Schlecker v Boedeker C-64/12 concerned a dispute over the correct law applicable to an employment contract in the absence of an express governing law clause; the dispute provided the European Court of Justice with a timely opportunity to reiterate the correct application of the Rome Convention to employment contracts.
The Convention allows parties to a contract to choose the country whose laws will apply to that agreement. Article 6(2) states that where such an express choice has not been made in relation to an employment contract the contract will be governed “a) by the law of the country in which the employee habitually carries out his work in performance of the contract, even if he is temporarily employed in another country; b) if the employee does not habitually carry out his work in any one country, by the law of the country in which the place of business through which he was engaged is situated, unless it appears from the circumstances as a whole that the contract is more closely connected with another country, in which case the contract shall be governed by the law of that country”.
Ms Boedeker was a German national employed by Schlecker, a German cosmetics and healthcare retailer. She worked in Germany from 1979 to 1994, she then commenced working for Schlecker in the Netherlands, staying until 2006 when her role there was abolished. Schlecker then offered her a different position back in Germany under the same contractual terms. Boedeker lodged a complaint against her employer’s unilateral change to her place of work and made claims against Schlecker in the Netherlands courts. Her employment contract did not have a choice of law clause indicating which country’s laws should govern a dispute arising in relation to the agreement, but she claimed that the law of the Netherlands should apply because she had performed her employment duties in that country for some years prior to the point when the dispute arose. In addition, the Netherlands offered her better employee rights than those available to her under German law.
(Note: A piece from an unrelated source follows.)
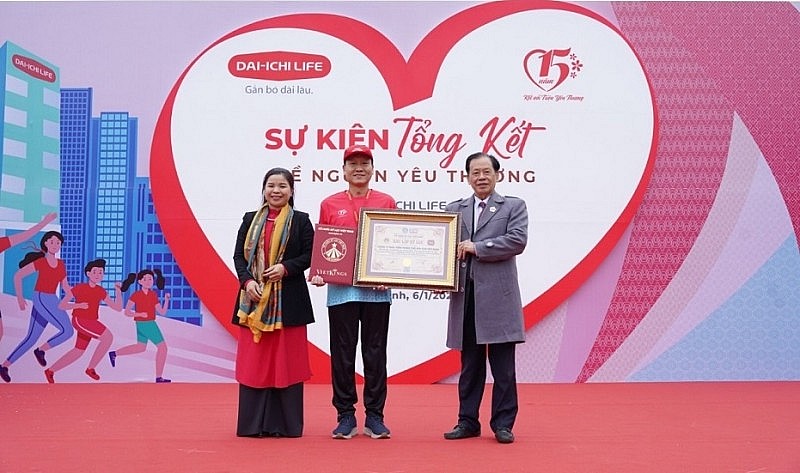 Dai-ichi Life Việt Nam đạt Kỷ lục Việt Nam tại Sự kiện “Dai-ichi Life - Cung Đường Yêu Thương 2022” Dai-ichi Life Việt Nam đạt Kỷ lục Việt Nam tại Sự kiện “Dai-ichi Life - Cung Đường Yêu Thương 2022”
The Netherlands Supreme Court referred the case to the ECJ to ascertain which law should apply to the contract. It queried in particular, whether a national court could disregard the law of the country where the work had habitually been performed, if all the other circumstances relating to the contract signalled that the law of a different jurisdiction should apply. In his Opinion, the ECJ’s Advocate-General Wahl emphasised that Article 6 of the Convention has to satisfy two requirements: the need for adequate employee protection, and the need for legal certainty. Although Article 6 aims to protect employees it is not mandatory, he said, for courts to apply the law that is most favourable to the worker when there is a governing law dispute. Article 6(2) of the Convention had to be interpreted as meaning that, even where an employee works for a lengthy period and without interruption in one EU country, the national court may still disregard the law of that country if it appears from the circumstances as a whole that the contract is more closely associated with another country. As a result, it was indeed open to the national courts to decide that German law displaced Netherlands law as the applicable jurisdiction. It was decided as a result that German law could be applied to Boedeker’s contract by virtue of the close connection her contract had with that country. Key pointers to this connection included Boedeker’s German pension arrangements, her residency in Germany, her German social security payments, the fact that her wages (prior to the introduction of the Euro) had been paid in Marks, the inclusion of mandatory provisions of German law in her contract, and Schlecker’s registration as a German company.
The case illustrates that the inclusion of an express governing law clause in employment contracts is of paramount importance for certainty purposes, especially in respect of employees performing international roles. Clearly employee location plays a key role in determining the applicable law in the absence of a specific contractual provision; however the ECJ has fallen on the side of practicality by allowing priority to be given to a different jurisdiction if the contract overall has a closer connection with it.